Only the lines from the one containing "যুক্তরাজ্য ফেরত ১৬৫ যাত্রী হোম কোয়ারেন্টিনে" through the one containing "Zdjęcie TCOMAS LE200" should be printed, exactly as they appear below, with both ends included.

**GIVEN DATA**
┄┄┄┄┄┄┄┄┄┄┄┄┄┄┄┄┄┄┄┄
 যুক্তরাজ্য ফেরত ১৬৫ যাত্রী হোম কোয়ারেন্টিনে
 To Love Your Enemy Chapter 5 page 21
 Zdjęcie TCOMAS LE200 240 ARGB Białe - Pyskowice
┄┄┄┄┄┄┄┄┄┄┄┄┄┄┄┄┄┄┄┄
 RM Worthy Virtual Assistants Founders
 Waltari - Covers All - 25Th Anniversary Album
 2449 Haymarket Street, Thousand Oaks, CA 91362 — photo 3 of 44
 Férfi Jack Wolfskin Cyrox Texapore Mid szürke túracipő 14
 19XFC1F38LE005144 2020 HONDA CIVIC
┄┄┄┄┄┄┄┄┄┄┄┄┄┄┄┄┄┄┄┄
**WRITTEN SOLUTION**
 যুক্তরাজ্য ফেরত ১৬৫ যাত্রী হোম কোয়ারেন্টিনে
 To Love Your Enemy Chapter 5 page 21
 Zdjęcie TCOMAS LE200 240 ARGB Białe - Pyskowice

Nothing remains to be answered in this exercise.